万円を超えていた1医療施設当たりの未収金は09年には4760万円に減り、未収金問題は「過去の話」となりつつあった。

 ところが、厚労省調査で4000万円台で推移していた未収金は前述の通り、14年度末時点で再び5000万円を突破。厚労省は「そこまで詳しい分析は出来ていないため原因は分からない」というが、訪日外国人の増加が要因の一つだと考える医療者は多い。

回収に手間かかるため早々に諦める

 日本に住む外国人であっても、未収金に繋がる恐れは大きい。千葉県の調査では、県立6病院の14年度末の未収金の26・5%(約3800万円)は外国人患者で、県内に住む外国人が多かったという。日本に3カ月以上在留する外国人は国民健康保険(国保)加入が義務付けられているが、自己負担分は発生する。この自己負担分を払わなかったり払えなかったりする外国人が多いのだ。医療担当記者は「言葉や文化の壁があるため、未払い金の回収も日本人より手間がかかる。そのため、深追いせずに早々に諦めてしまう例も多いのではないか」と推察する。訪日外国人であれば、さらに深追いが面倒になる。

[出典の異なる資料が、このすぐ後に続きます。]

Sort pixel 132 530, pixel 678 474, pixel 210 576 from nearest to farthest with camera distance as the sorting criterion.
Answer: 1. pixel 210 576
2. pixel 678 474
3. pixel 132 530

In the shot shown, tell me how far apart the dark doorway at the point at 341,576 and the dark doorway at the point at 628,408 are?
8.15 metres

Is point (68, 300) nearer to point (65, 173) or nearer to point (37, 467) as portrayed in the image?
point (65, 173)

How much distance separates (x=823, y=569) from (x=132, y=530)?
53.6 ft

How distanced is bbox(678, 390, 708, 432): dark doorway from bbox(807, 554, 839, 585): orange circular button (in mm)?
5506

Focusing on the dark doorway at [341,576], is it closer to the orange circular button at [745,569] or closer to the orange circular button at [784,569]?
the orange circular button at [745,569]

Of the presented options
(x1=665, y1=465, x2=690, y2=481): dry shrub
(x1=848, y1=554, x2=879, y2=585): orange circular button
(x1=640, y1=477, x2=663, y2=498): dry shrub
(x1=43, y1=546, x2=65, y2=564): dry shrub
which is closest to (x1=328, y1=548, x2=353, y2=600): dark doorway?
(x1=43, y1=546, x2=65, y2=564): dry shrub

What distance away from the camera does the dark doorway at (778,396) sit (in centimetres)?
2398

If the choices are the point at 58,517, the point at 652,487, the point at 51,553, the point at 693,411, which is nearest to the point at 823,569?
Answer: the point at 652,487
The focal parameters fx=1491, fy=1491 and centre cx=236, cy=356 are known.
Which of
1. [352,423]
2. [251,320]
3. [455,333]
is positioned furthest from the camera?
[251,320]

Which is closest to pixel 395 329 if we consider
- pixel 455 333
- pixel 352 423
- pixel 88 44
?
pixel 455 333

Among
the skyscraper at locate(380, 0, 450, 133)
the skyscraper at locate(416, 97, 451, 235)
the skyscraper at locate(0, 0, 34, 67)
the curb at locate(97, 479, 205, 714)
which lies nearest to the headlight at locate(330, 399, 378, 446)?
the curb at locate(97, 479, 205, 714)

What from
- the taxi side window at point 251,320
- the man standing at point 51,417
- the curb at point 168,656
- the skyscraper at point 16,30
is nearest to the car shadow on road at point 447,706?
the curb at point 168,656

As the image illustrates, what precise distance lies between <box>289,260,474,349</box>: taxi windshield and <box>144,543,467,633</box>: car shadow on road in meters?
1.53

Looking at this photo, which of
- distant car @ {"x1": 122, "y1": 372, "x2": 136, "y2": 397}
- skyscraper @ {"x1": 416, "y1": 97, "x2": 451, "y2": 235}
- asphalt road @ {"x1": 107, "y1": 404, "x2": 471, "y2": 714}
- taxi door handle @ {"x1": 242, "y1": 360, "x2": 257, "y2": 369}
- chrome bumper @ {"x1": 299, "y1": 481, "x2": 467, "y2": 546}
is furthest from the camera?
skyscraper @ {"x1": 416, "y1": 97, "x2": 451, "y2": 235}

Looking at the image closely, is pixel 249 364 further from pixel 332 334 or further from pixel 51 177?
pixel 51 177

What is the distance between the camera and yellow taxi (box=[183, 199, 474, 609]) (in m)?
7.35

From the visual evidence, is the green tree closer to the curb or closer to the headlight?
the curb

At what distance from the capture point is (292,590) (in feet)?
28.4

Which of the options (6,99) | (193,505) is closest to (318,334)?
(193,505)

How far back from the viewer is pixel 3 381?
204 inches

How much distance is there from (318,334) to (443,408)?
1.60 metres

 都内の大学病院職員は「患者は、とにかくすぐに治してほしいという思いで受診する。それが訪日外国人であっても、受け入れ側は慣れていないので、旅行保険の加入有無を確認したりクレジットカードのコピーを取ったりということをせずに受診させてしまう」と打ち明ける。パスポートやクレジットカードのコピーを取る、といった〝特別扱い〟を面倒がる窓口職員も多いというが、この職員は「多くのホテルでは、宿泊する際にパスポートを預かってコピーを取り、クレジットカードについても調べる。ホテルに出来て病院に出来ない訳が無い」と力説する。

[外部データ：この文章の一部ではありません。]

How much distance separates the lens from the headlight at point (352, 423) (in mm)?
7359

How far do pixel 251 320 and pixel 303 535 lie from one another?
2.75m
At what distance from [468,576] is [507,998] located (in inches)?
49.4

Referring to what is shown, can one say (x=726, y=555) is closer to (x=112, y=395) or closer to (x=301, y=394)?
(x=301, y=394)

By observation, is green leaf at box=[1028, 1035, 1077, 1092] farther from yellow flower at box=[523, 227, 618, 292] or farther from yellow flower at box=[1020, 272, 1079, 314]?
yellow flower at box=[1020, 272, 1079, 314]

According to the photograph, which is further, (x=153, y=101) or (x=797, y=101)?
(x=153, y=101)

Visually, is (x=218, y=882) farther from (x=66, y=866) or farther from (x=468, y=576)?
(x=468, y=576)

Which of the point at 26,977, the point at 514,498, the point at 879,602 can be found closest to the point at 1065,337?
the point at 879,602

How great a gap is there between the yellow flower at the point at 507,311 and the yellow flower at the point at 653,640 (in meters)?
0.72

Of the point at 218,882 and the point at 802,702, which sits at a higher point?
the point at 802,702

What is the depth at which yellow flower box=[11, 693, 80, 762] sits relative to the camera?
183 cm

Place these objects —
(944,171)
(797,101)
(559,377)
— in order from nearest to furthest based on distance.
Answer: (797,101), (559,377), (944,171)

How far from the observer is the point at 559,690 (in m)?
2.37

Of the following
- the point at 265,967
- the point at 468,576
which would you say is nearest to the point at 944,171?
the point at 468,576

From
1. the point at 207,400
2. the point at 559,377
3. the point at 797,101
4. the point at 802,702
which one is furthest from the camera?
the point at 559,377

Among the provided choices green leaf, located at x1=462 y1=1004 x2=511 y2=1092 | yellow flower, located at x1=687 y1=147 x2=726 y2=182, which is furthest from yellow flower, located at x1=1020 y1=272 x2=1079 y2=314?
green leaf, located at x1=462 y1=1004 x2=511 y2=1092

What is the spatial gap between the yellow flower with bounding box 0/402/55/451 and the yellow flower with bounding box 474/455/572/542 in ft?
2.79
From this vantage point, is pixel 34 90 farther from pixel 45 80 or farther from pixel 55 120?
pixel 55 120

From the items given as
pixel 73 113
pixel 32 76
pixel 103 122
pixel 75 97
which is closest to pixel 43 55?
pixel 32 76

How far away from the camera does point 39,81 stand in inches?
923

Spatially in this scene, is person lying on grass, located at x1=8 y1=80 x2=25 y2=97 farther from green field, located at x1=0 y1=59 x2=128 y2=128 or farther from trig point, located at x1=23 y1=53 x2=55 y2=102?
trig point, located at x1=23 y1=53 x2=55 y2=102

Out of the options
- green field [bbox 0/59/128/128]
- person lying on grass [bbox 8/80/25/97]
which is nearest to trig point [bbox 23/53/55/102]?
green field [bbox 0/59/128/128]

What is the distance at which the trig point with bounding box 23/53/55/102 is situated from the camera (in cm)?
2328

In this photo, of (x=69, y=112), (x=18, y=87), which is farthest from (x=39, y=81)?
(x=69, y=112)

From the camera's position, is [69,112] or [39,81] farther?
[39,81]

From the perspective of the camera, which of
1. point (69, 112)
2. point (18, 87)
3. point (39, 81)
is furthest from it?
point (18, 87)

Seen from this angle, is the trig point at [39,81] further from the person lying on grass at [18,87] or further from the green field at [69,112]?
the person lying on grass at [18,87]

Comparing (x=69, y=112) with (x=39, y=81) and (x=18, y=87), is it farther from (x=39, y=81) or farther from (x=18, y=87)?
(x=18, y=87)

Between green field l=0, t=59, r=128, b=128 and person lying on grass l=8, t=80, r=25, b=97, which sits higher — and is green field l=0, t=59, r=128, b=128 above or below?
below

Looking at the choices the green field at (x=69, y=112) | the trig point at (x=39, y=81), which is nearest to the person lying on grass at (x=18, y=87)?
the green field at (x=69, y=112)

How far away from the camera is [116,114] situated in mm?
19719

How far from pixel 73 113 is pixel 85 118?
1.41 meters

 また、日本人にとっては標準的な検査であっても、余計な支払いが掛かることになれば、後で「不要な検査だった」と主張されて支払いを拒否されることもある。緊急の場合であっても、医療通訳を立てて、医療費についてきちんと説明しながら進めていくことが大事だという。

 訪日外国人客の増加はしばらく続くとみられる。日本に住む外国人も増加している。都会だけの問題、大病院だけの問題ではない。

 関西国際空港に近い医療機関の関係者は「未収金は放っておくと経営に関わる問題だ。訪日外国人の増加で国が潤う中、医療機関だけが泣き寝入りで良いはずがない。国際化が進む中、自分のところは関係ないと思わないでほしい」と訴えている。